### Record excerpts
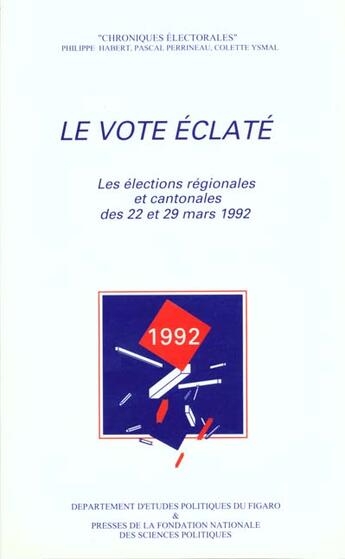 Couverture du livre « Le vote éclaté » de Pascal Perrineau et Colette Ysmal aux éditions Presses De Sciences Po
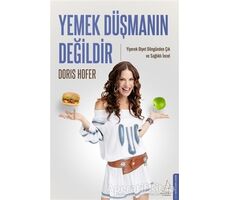 Yemek Düşmanın Değildir - Doris Hofer - Destek Yayınları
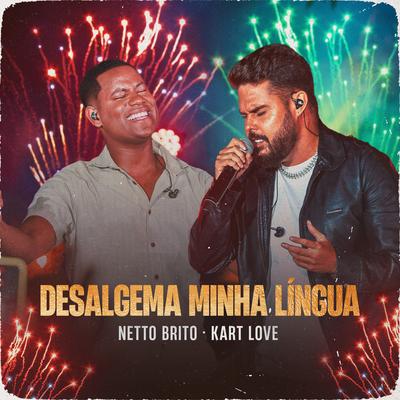 Desalgema Minha Língua By Netto Brito, Kart Love's cover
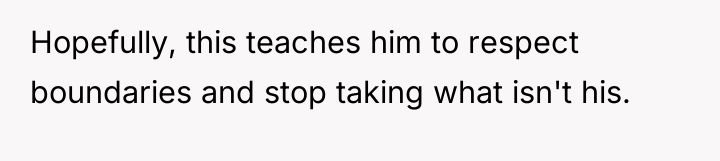 Hopefully, this teaches him to respect boundaries and stop taking...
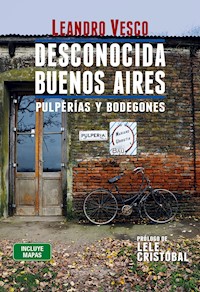 Desconocida Buenos Aires. Pulperías y bodegones - Leandro Vesco - E-Book
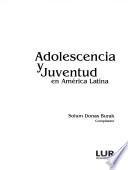 Adolescencia y juventud en América Latina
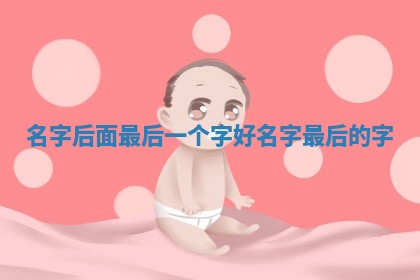 🔆 名字后面最后一个字好_名字 🍩 最后的字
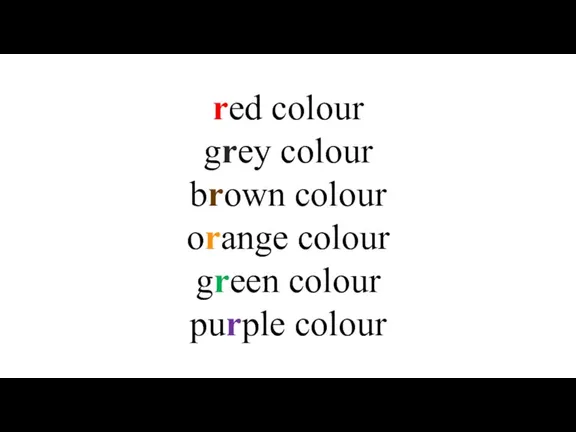 red colour grey colour brown colour orange colour green colour purple colour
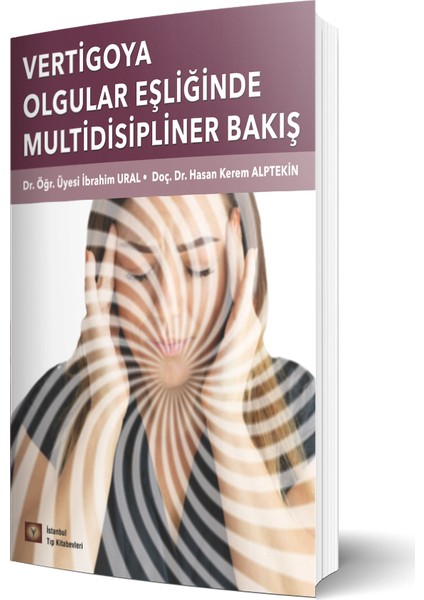 Vertigoya Olgular Eşliğinde Multidisipliner Yaklaşım - Ibrahim Ural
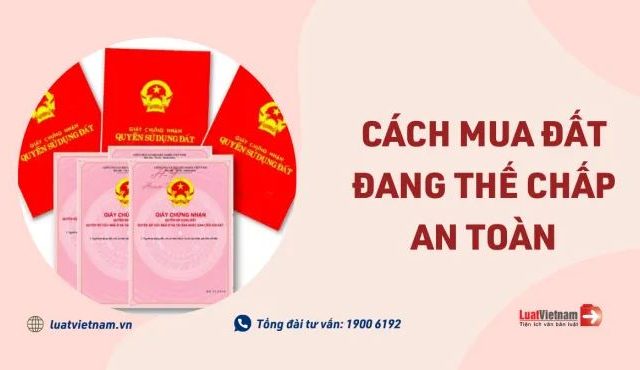 Ít người biết: Cách mua đất đang thế chấp an toàn – Luật Việt Nam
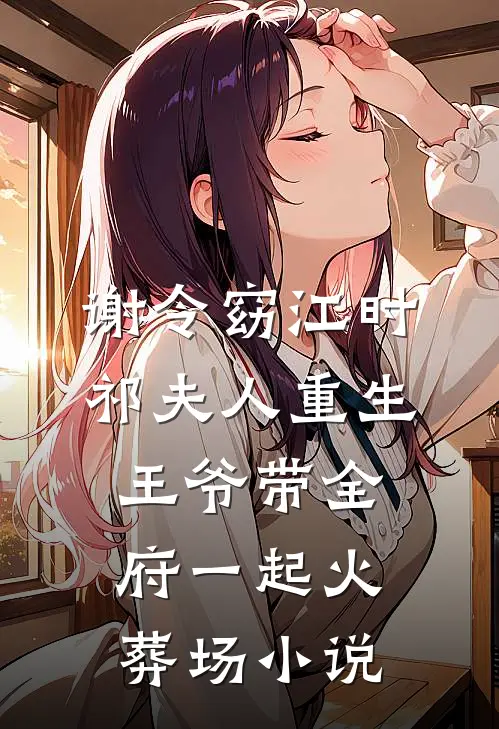 谢令窈江时祁夫人重生，王爷带全府一起火葬场小说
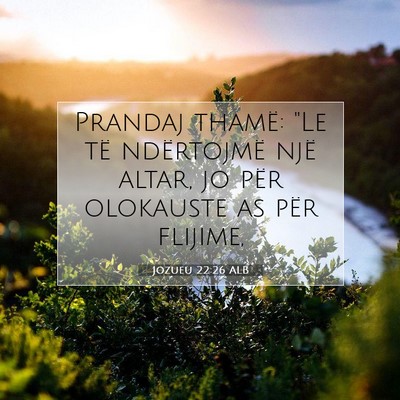 Picture 07 - Jozueu 22:26 ALB - Prandaj thamë: 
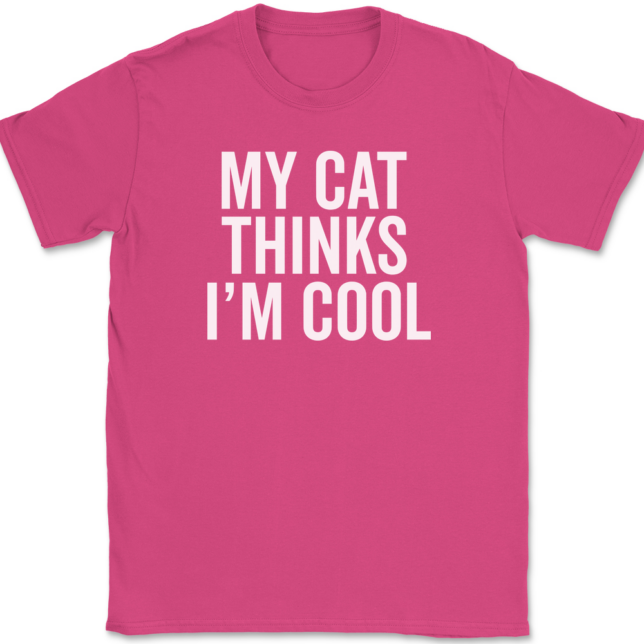 My Cat Thinks I'm Cool T-Shirt Mens Tee - Image 8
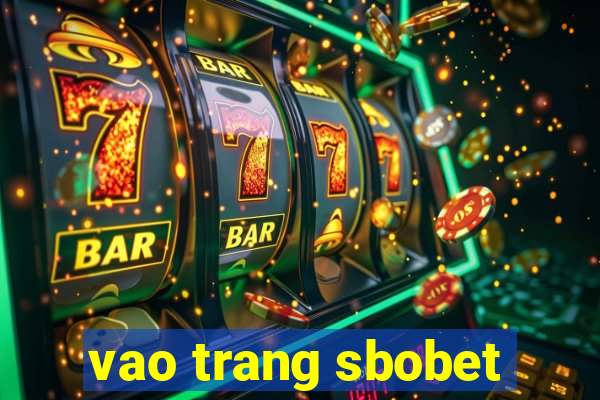 vao trang sbobet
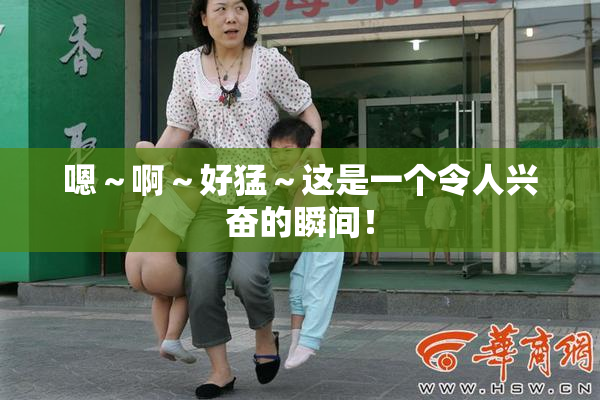 嗯～啊～好猛～这是一个令人兴奋的瞬间！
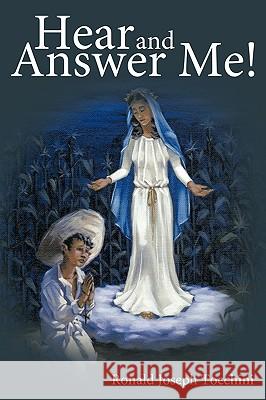 Hear and Answer Me! Joseph Tocchini Ronal 9781426915543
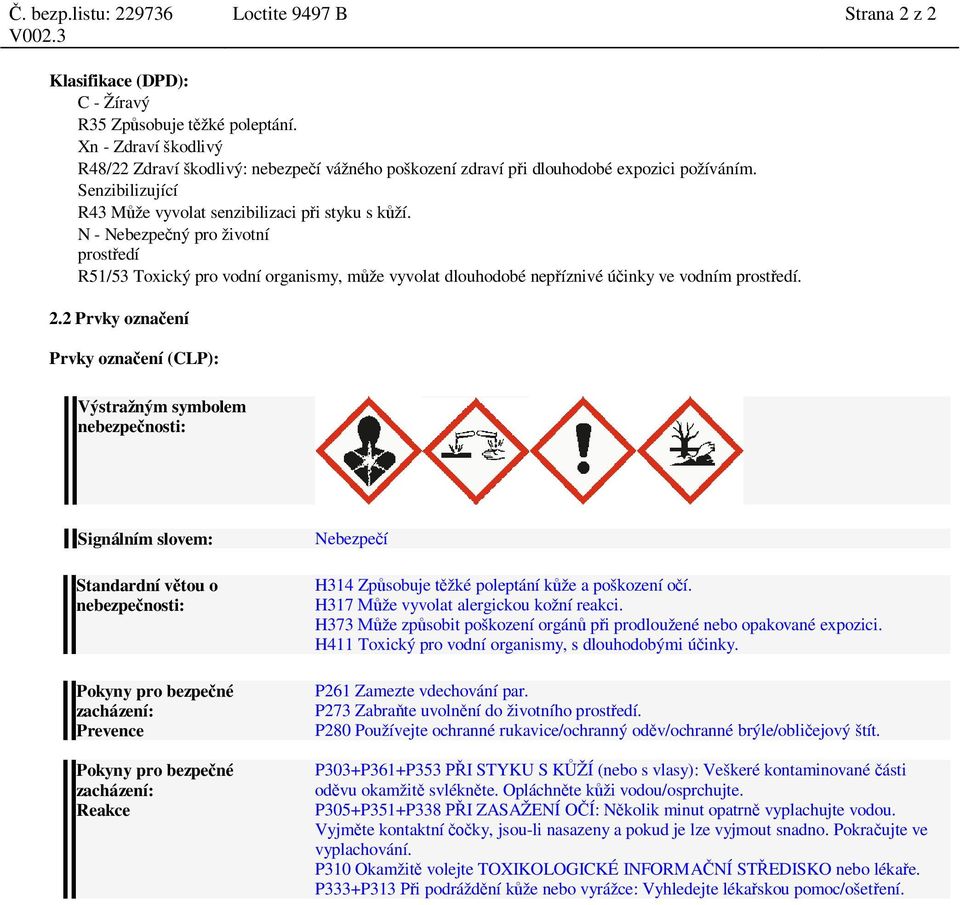 N - Nebezpe ný pro životní prost edí R51/53 Toxický pro vodní organismy, m že vyvolat dlouhodobé nep íznivé ú inky ve vodním prost edí. 2.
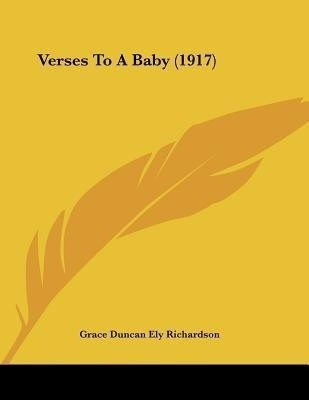 Verses To A Baby (1917)(English, Paperback, Richardson Grace Duncan Ely)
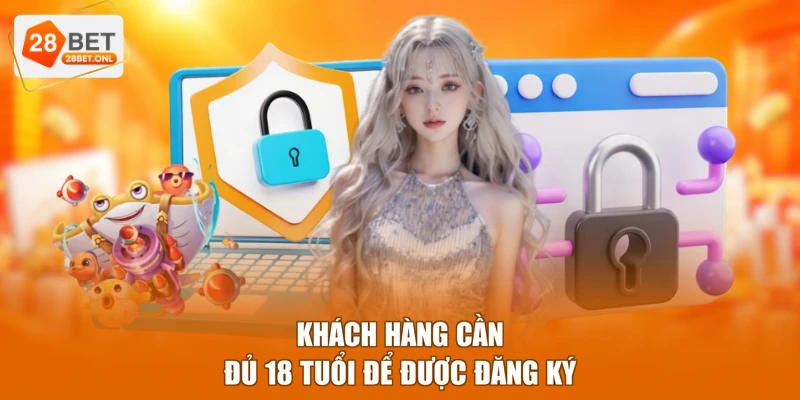 Khách hàng cần đủ 18 tuổi để được đăng ký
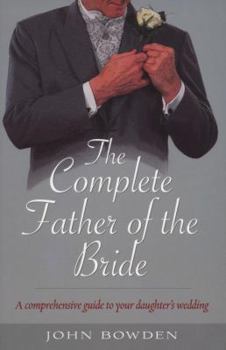 Paperback The Complete Father of the Bride: A Comprehensive Guide to Your Daughter's Wedding Book
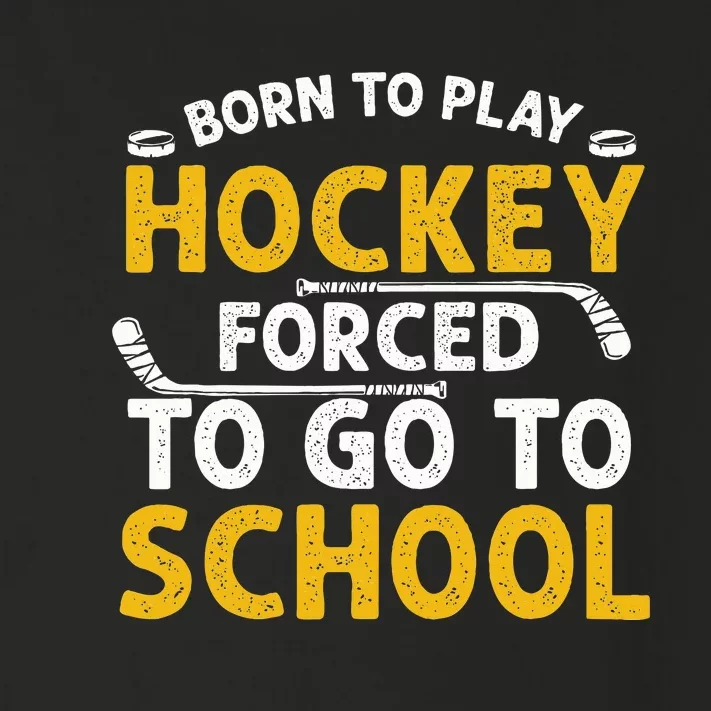 Born To Play Hockey Forced To Go To School Toddler Long Sleeve Shirt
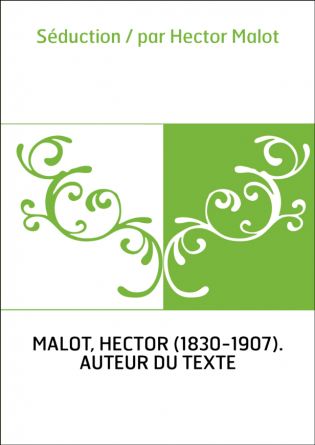 Séduction / par Hector Malot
######
Your objective → Omit the pictures. Transcribe word for word the lines from the one containing "名字后面最后一个字好_名字 🍩 最后的字" through the end of the listing, inclusive.

Result of the exercise →
 🔆 名字后面最后一个字好_名字 🍩 最后的字
 red colour grey colour brown colour orange colour green colour purple colour
 Vertigoya Olgular Eşliğinde Multidisipliner Yaklaşım - Ibrahim Ural
 Ít người biết: Cách mua đất đang thế chấp an toàn – Luật Việt Nam
 谢令窈江时祁夫人重生，王爷带全府一起火葬场小说
 Picture 07 - Jozueu 22:26 ALB - Prandaj thamë: 
 My Cat Thinks I'm Cool T-Shirt Mens Tee - Image 8
 vao trang sbobet
 嗯～啊～好猛～这是一个令人兴奋的瞬间！
 Hear and Answer Me! Joseph Tocchini Ronal 9781426915543
 N - Nebezpe ný pro životní prost edí R51/53 Toxický pro vodní organismy, m že vyvolat dlouhodobé nep íznivé ú inky ve vodním prost edí. 2.
 Verses To A Baby (1917)(English, Paperback, Richardson Grace Duncan Ely)
 Khách hàng cần đủ 18 tuổi để được đăng ký
 Paperback The Complete Father of the Bride: A Comprehensive Guide to Your Daughter's Wedding Book
 Born To Play Hockey Forced To Go To School Toddler Long Sleeve Shirt
 Séduction / par Hector Malot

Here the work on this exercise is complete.